Um estudo de três universidades venezuelanas indica que 74% das localidades caíram abaixo da linha da pobreza, contra 31% em 2013. É o único país do mundo com uma inflação de três dígitos — cerca de 600% em 2015. O país está a cair na “armadilha da pobreza”, a partir da qual dificilmente conseguirá recuperar.

Nada disto é novidade para quem leia os jornais.
Chávez e o petróleo

Temos de fazer uma alusão a Hugo Chávez. Ele introduziu uma mudança irreversível: a incorporação das massas pobres na cena política.
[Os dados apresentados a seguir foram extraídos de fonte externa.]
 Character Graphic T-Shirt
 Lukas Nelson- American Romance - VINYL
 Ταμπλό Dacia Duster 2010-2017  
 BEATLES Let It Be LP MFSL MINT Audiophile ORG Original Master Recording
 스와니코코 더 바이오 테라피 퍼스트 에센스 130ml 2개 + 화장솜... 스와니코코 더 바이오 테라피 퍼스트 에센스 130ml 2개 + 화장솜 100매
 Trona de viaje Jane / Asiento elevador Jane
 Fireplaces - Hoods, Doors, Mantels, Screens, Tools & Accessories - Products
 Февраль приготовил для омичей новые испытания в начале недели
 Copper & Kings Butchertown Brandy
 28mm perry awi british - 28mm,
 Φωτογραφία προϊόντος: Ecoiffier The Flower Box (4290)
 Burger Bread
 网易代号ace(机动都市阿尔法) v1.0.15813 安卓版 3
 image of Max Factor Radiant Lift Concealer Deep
Por outro lado, “foi o primeiro governante de esquerda com veleidades revolucionárias a dispor de uma enorme massa de recursos”, observou o antigo guerrilheiro salvadorenho Joaquin Villalobos. A renda petrolífera não jorrou apenas sobre os bairros pobres, atingiu Cuba, a Bolívia, a Nicarágua, as Caraíbas — foi a base da política internacional “bolivariana”.
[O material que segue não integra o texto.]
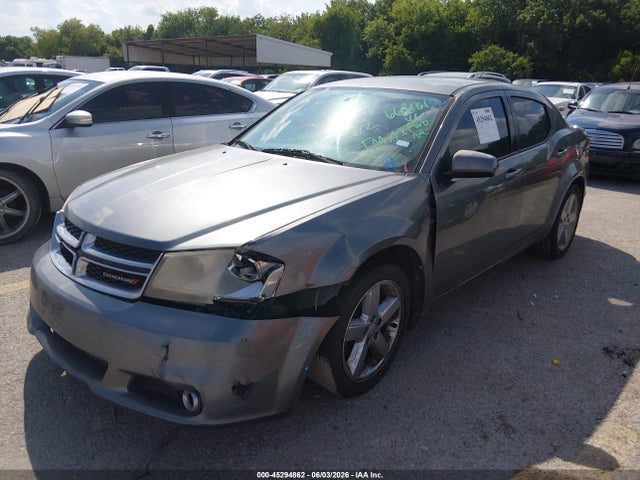Aukcja sprzedaży 2013 Dodge Avenger Sxt, vin: 1C3CDZCBXDN664161, numer aukcji: 45294862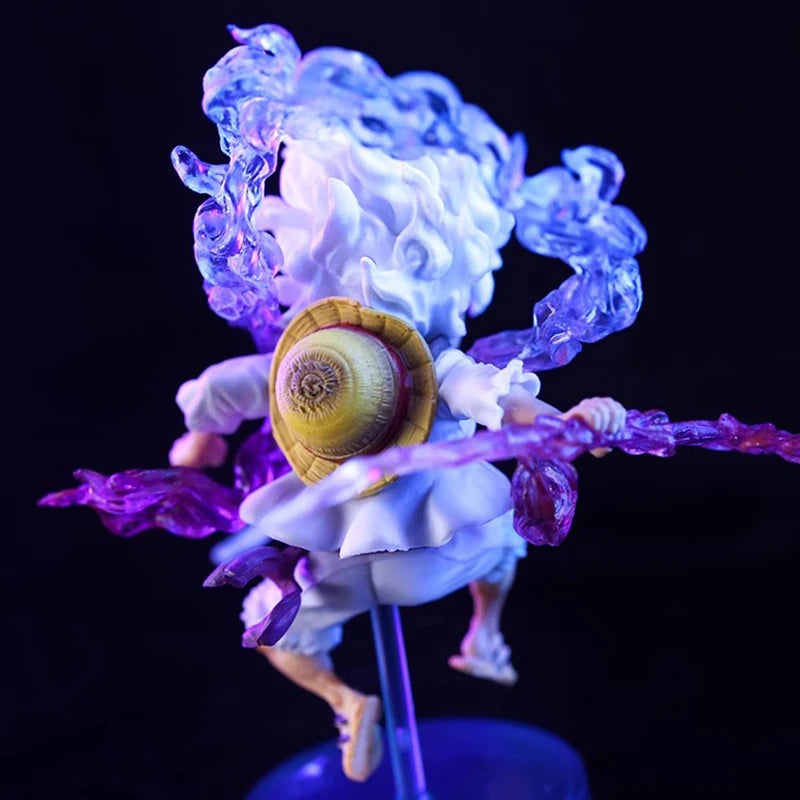 One Piece Luffy Action Figure Sun God Nika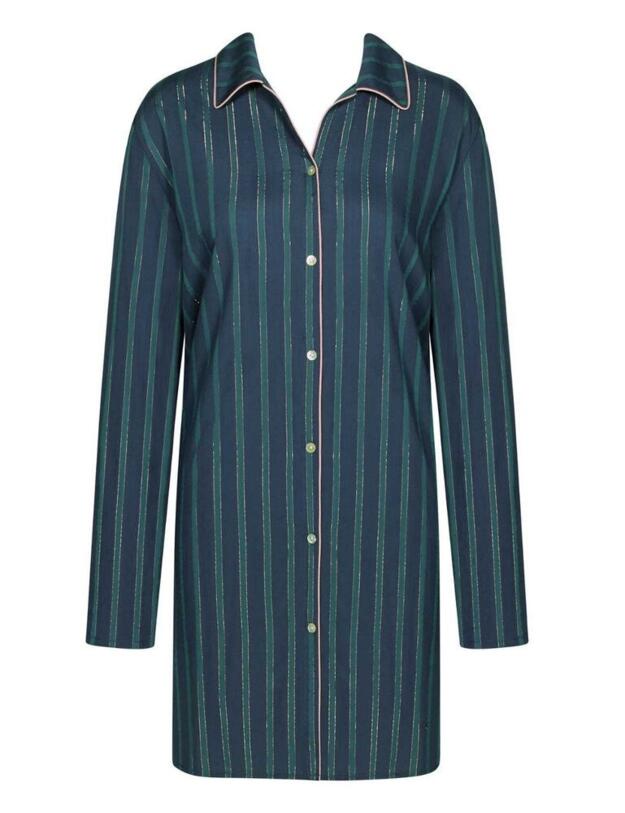10205586 Triumph Boyfriend Nightdress - 10205586 Grey Combination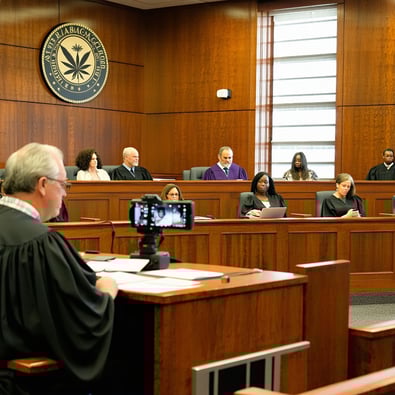 Resolve Alabama Medical Cannabis License Disputes Now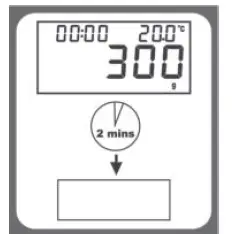 HYUNDAI-KVE-305-Electronic-Kitchen-Scale-fig-10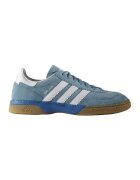 Adidas PERFORMANCE Pantofi din piele intoarsa pentru handbal Spezial - Alb/Albastru deschis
Menos conhecido é o modo como o “chavismo” destruiu a “galinha dos ovos de ouro”, a Petróleos de Venezuela S.A. (PDVSA). Após a derrota da greve nacional dirigida contra Chávez pelos sindicatos do petróleo em 2002-3, a elite dos trabalhadores (75%) foi substituída por chavistas fiéis. Na era das “vacas gordas”, o petróleo financiou as políticas sociais de Chávez mas o futuro não foi preservado. Quando Chávez morreu, em 2013, a degradação da PDVSA já era notória e a produção descia por falta de reinvestimento e de manutenção. A produção caiu para metade, triplicou o número de trabalhadores. Hoje, a PDVSA está altamente endividada.

O esbanjamento de recursos, o desinvestimento, o desinteresse pela indústria e a “corruptocracia” fazem hoje sentir devastadores efeitos. O intervencionismo estatal foi um “suicídio económico”. Caracas chegou à era do petróleo barato praticamente falida, sem as imensas reservas financeiras de que outrora dispôs. A seca e o preço do petróleo são o golpe de misericórdia, não a causa.
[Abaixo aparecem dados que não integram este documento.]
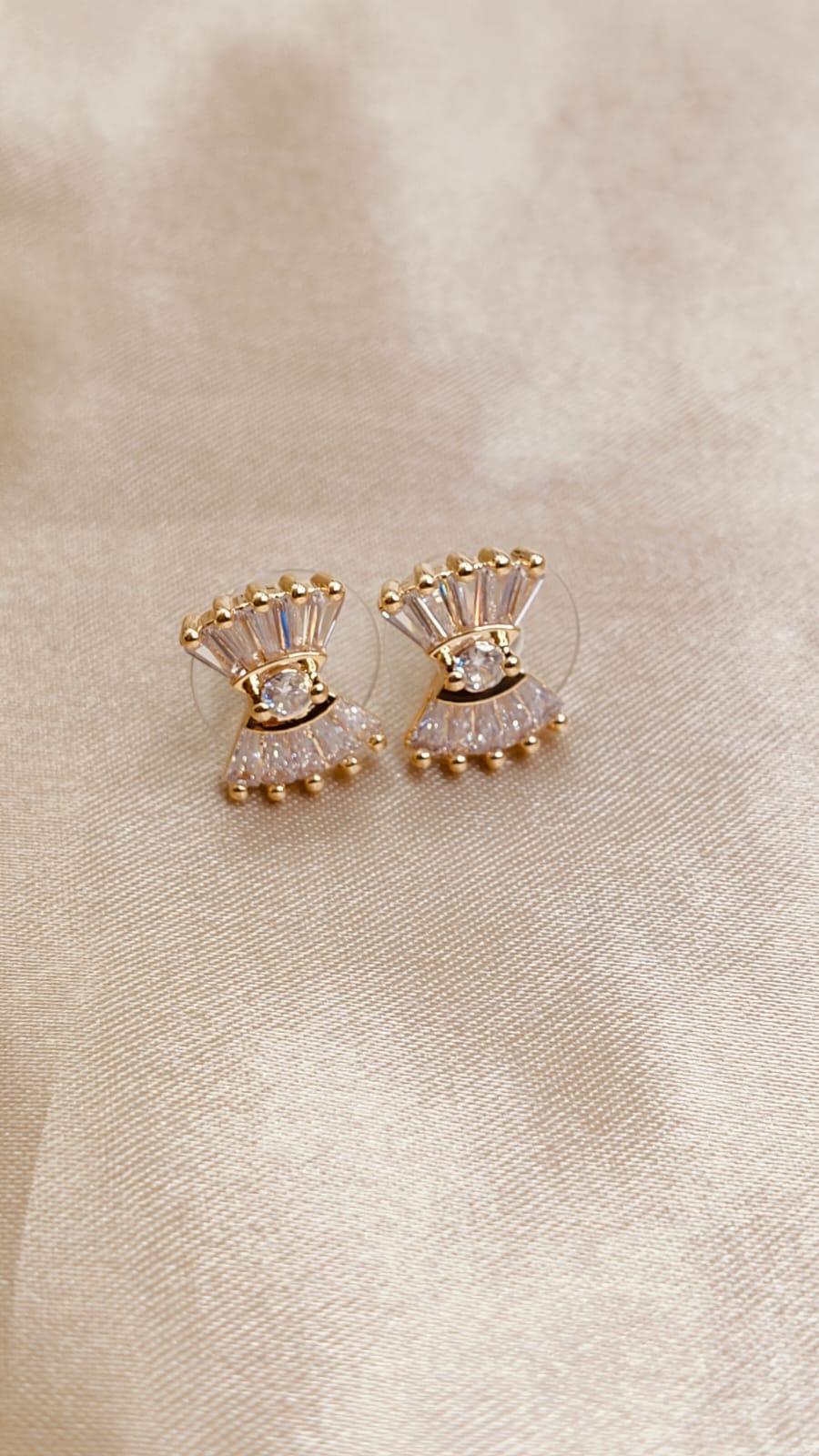 Take a Bow Earrings - View 4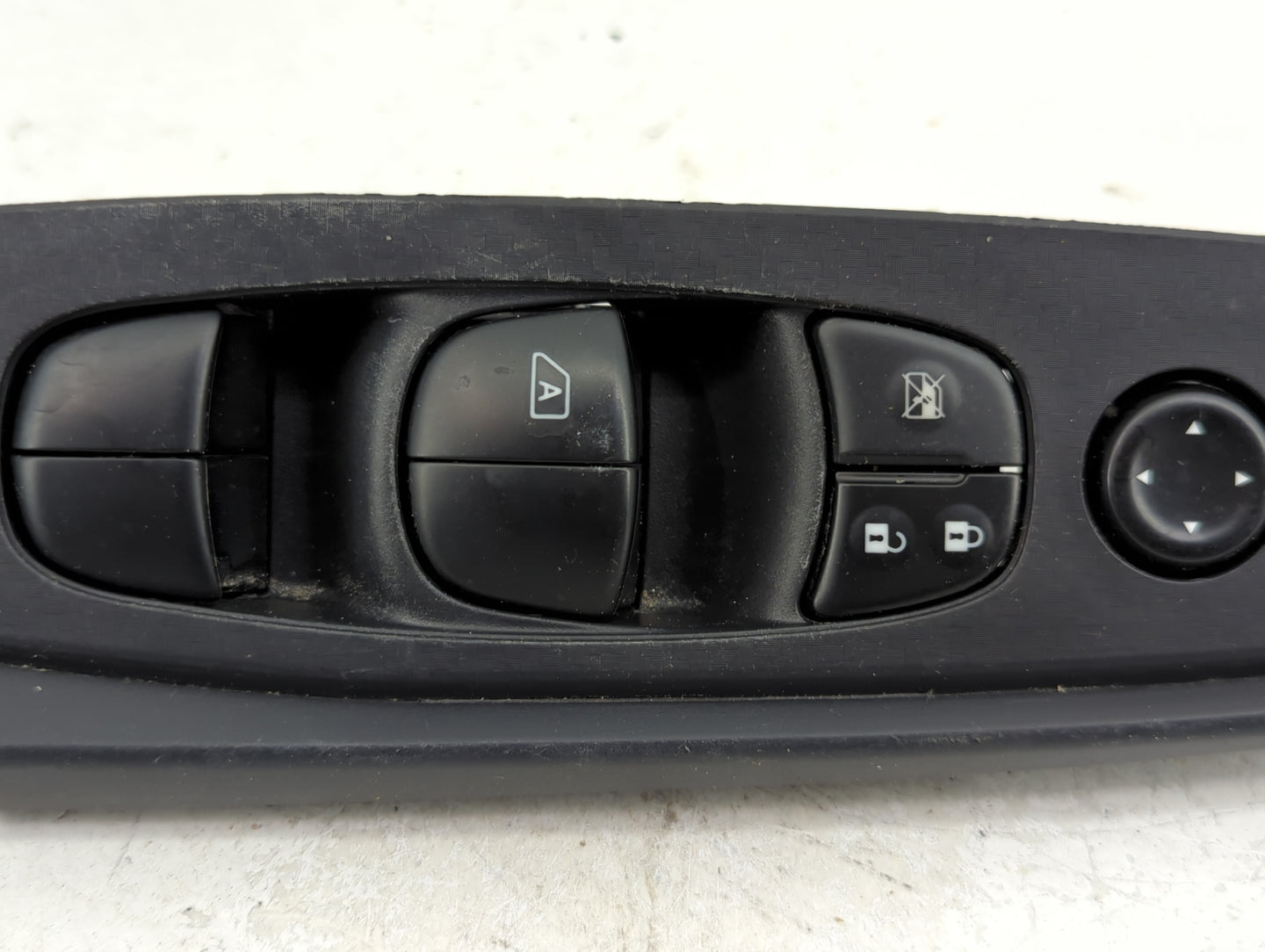 2020-2022 Nissan Sentra Master Power Window Switch Replacement Driver Side Left P/N:255705RA0A Fits Fits 2020 2021 2022 OEM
Maduro não é Chávez. O “bolivarismo” não resistiu à morte do caudilho, o único com legitimidade para tentar mudar o curso das coisas. Pelo contrário, o pânico de “trair o legado de Chávez” paralisa os sucessores. E a nova oligarquia, a chamada “boliburguesia”, profundamente corrupta, defende os seus privilégios.
MUD e Maduro

As eleições de Dezembro para a Assembleia Nacional ilustraram as regras do jogo. Falou-se numa “nova era”, após o triunfo maciço da Mesa de Unidade Democrática (MUD, coligação oposicionista), que obteve a maioria qualificada de dois terços, o necessário para depor governantes, reformar o Supremo Tribunal, aprovar leis constitucionais ou convocar referendos: em suma, poderia mudar o regime.

Foi uma ilusão. O Supremo Tribunal, que obedece a Maduro, contestou o mandato de três deputados (anulando a maioria qualificada) e desde então declara inconstitucionais todas as deliberações da Assembleia, que está praticamente paralisada. Decorre uma campanha de recolha de assinaturas para convocar este ano um referendo que reduziria o mandado de Maduro de seis para quatro anos — ou seja, presidenciais em 2017. O regime prepara-se para sabotar a iniciativa.